WHAT THE TASK ASKS. For the data below, retype word for word the lines from the one containing "Used Volkswagen ID.6" through the one containing "Mark-Levinson-No531H-Monobloc-Amplifier-Closeup"; drop the pictures.

SUPPLIED RECORDS.
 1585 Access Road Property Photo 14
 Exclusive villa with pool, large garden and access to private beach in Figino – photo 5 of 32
==
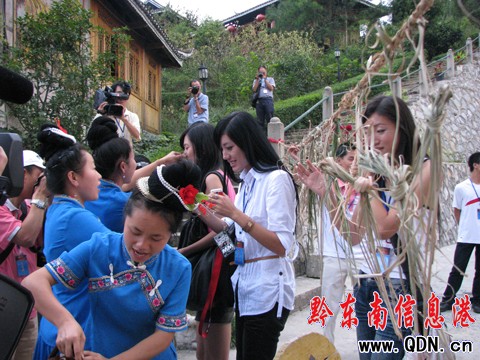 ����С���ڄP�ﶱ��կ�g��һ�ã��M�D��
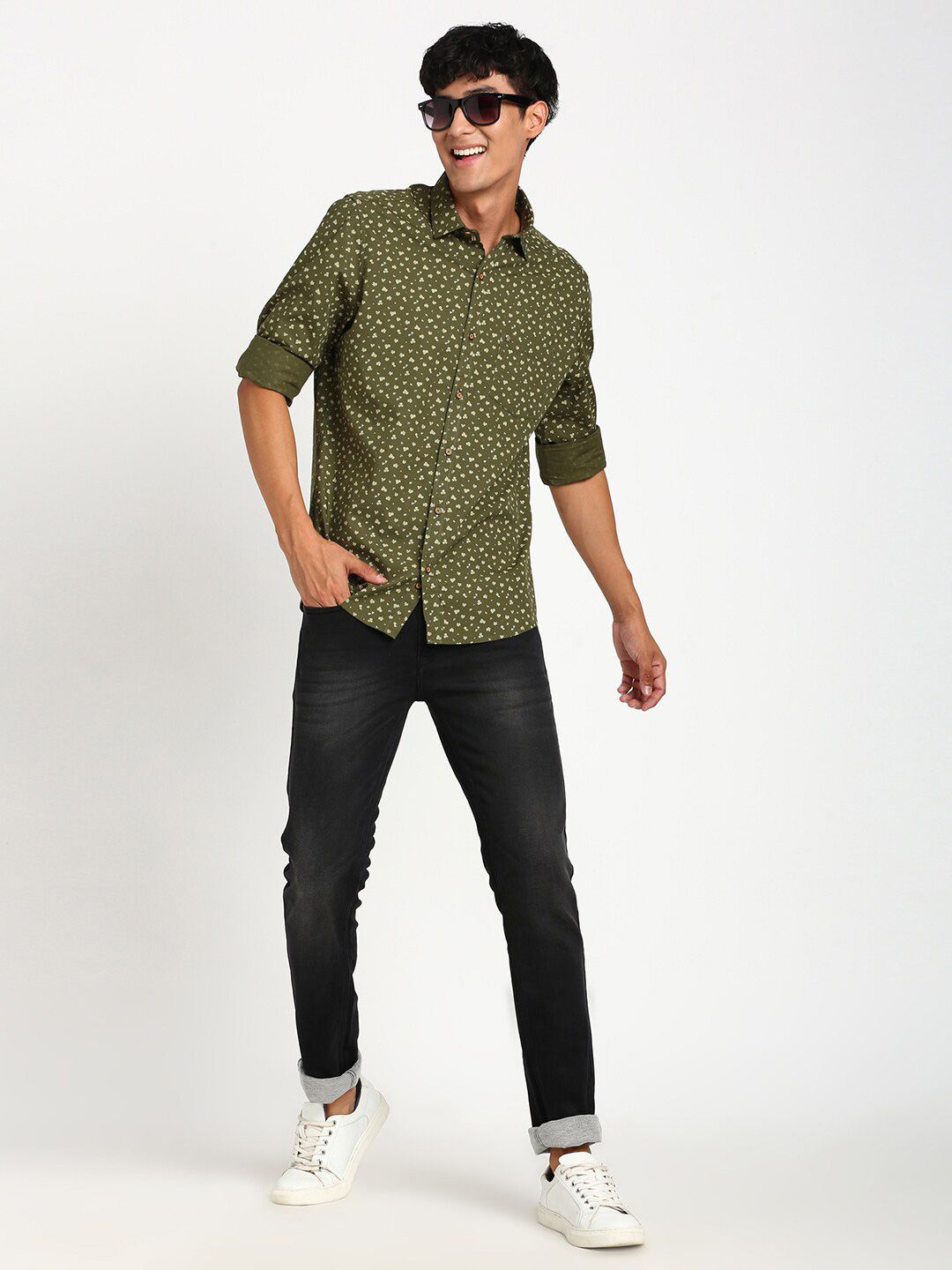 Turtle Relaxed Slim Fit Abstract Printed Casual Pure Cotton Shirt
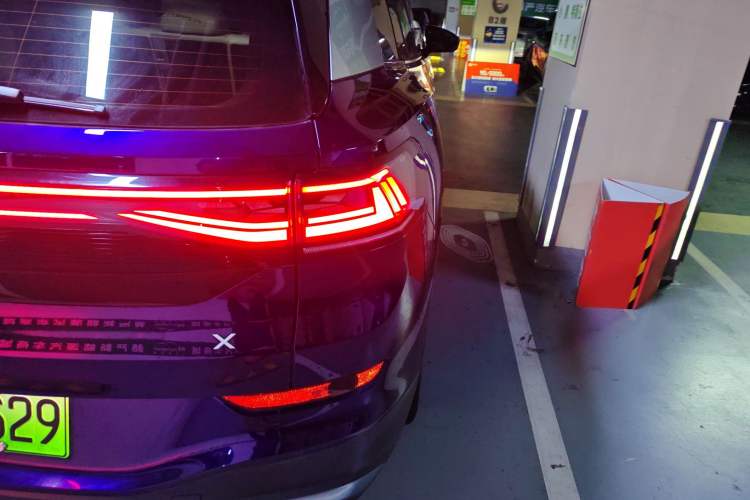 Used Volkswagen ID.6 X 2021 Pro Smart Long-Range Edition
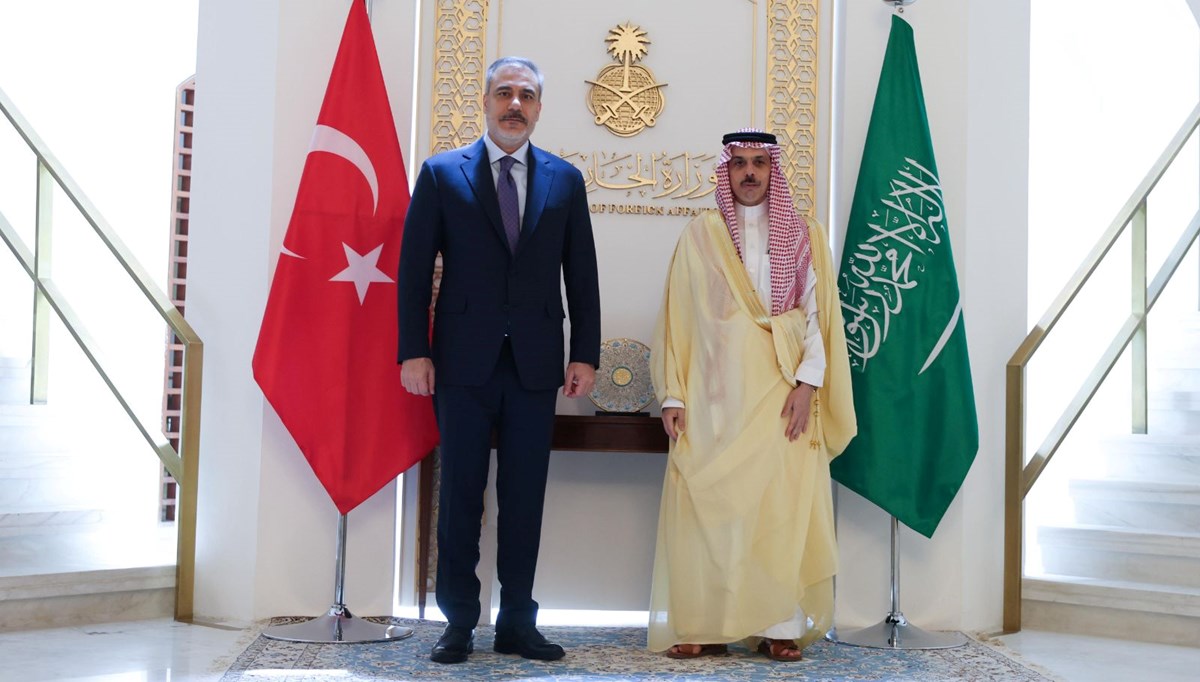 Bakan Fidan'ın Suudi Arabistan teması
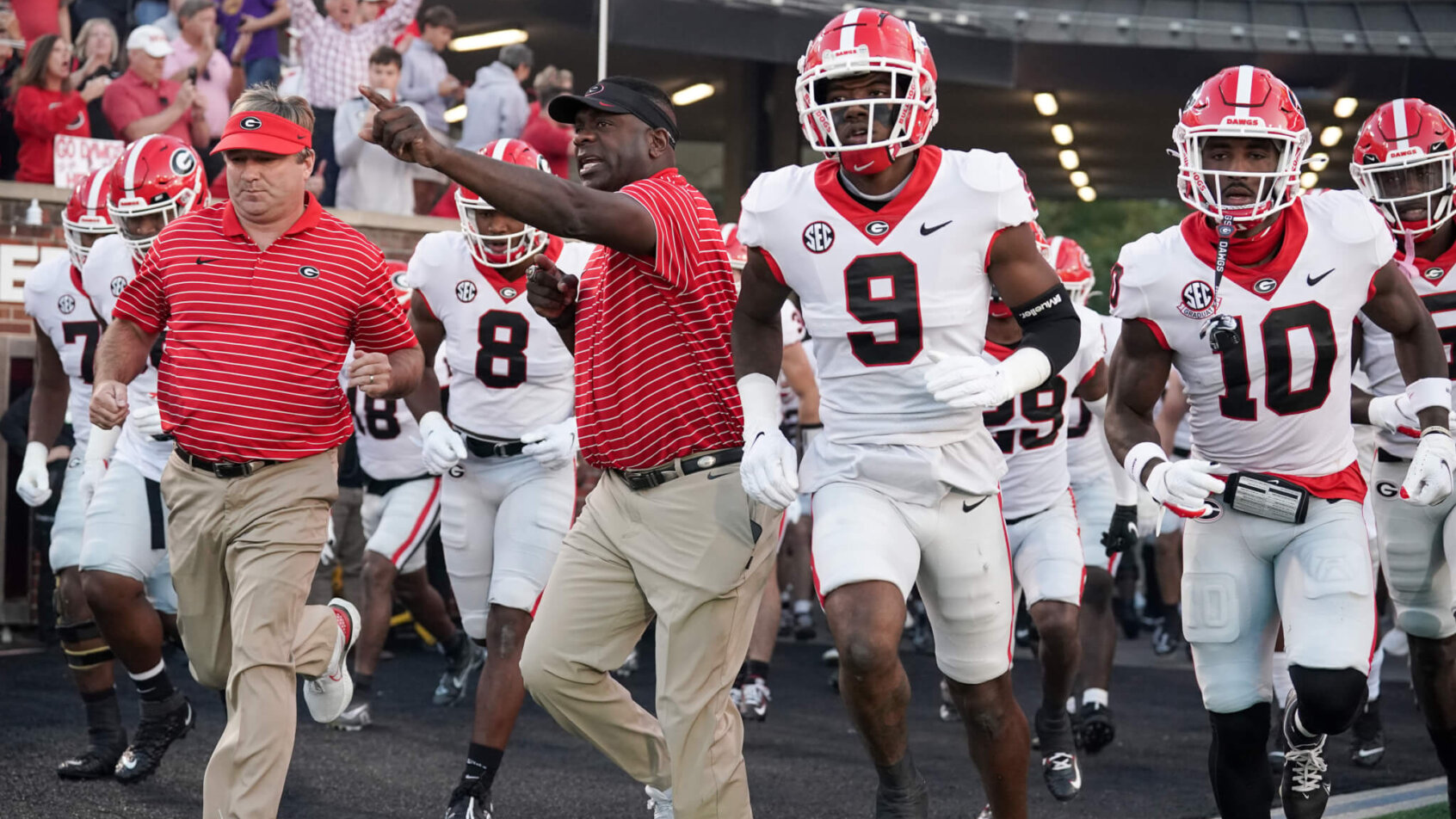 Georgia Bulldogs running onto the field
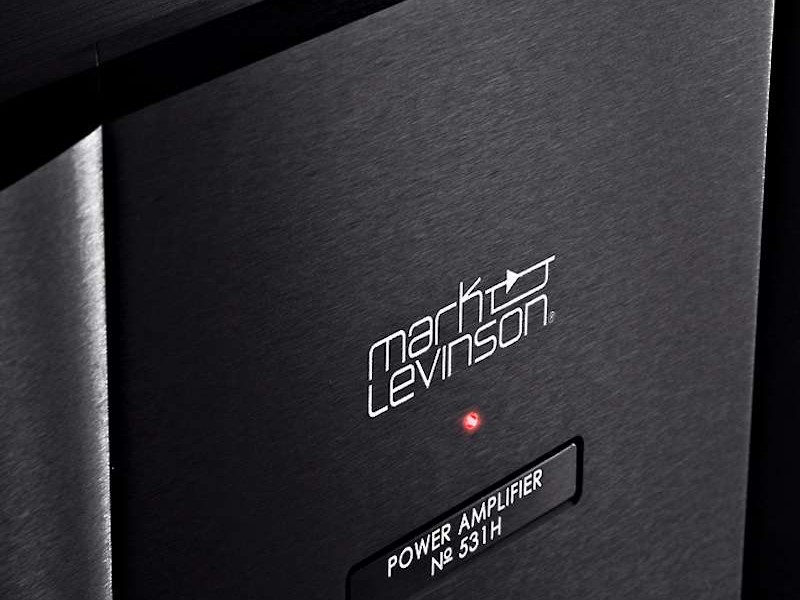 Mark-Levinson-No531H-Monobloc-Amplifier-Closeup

OUTPUT BELOW.
 Used Volkswagen ID.6 X 2021 Pro Smart Long-Range Edition
 Bakan Fidan'ın Suudi Arabistan teması
 Georgia Bulldogs running onto the field
 Mark-Levinson-No531H-Monobloc-Amplifier-Closeup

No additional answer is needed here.